Task directions: Only the lines in the entries below from the line with "Moda Çanta Lady" to the line with "Popago (Tohono O'odham)", both included, belong in the answer, transcribed exactly and without pictures.

Given information:
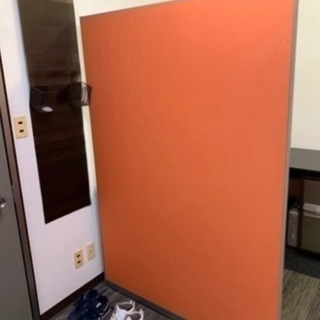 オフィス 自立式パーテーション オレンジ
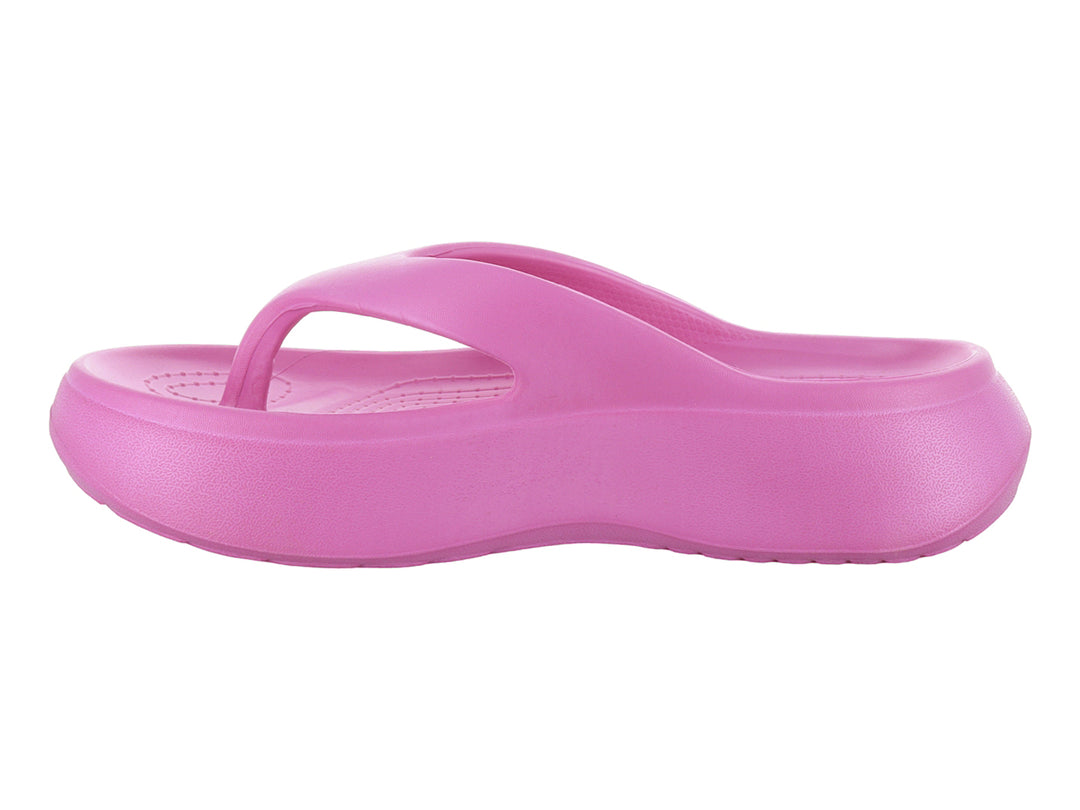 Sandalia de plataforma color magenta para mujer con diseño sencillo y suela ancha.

* * *

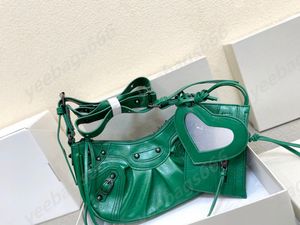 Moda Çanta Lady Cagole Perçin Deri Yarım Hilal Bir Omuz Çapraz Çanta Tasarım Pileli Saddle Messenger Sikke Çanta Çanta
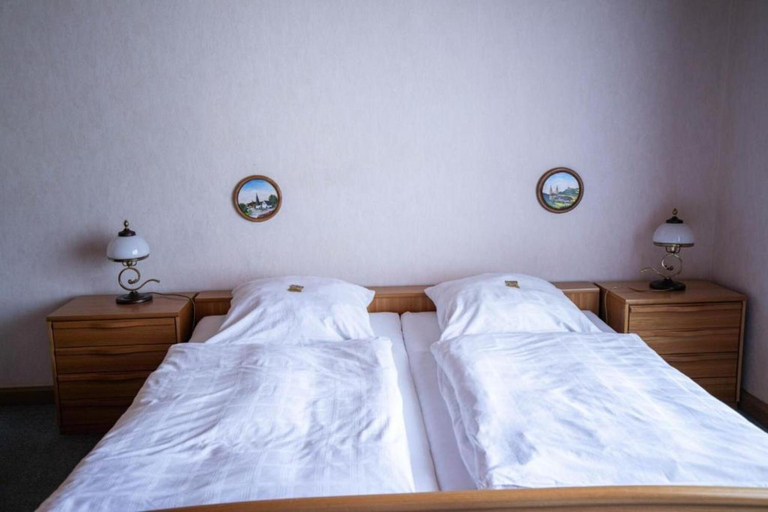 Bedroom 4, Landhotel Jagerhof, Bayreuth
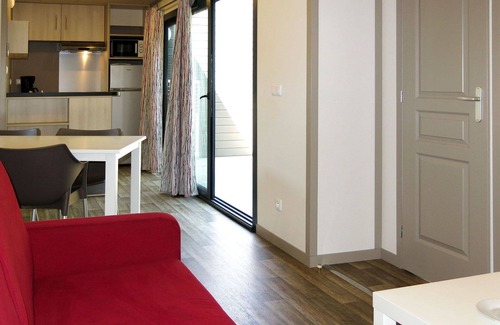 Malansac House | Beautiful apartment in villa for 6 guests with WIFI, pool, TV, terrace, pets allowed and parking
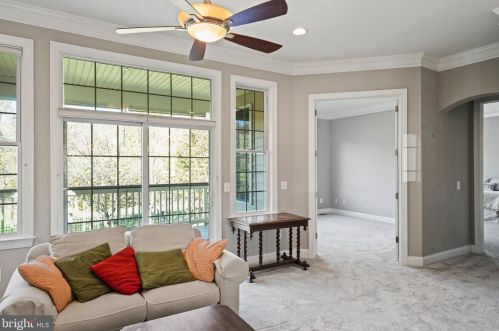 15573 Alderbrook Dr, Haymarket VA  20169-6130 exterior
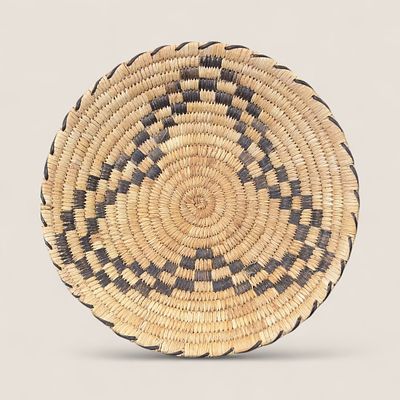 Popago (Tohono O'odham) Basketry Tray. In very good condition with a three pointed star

Exercise solution:
 Moda Çanta Lady Cagole Perçin Deri Yarım Hilal Bir Omuz Çapraz Çanta Tasarım Pileli Saddle Messenger Sikke Çanta Çanta
 Bedroom 4, Landhotel Jagerhof, Bayreuth
 Malansac House | Beautiful apartment in villa for 6 guests with WIFI, pool, TV, terrace, pets allowed and parking
 15573 Alderbrook Dr, Haymarket VA  20169-6130 exterior
 Popago (Tohono O'odham) Basketry Tray. In very good condition with a three pointed star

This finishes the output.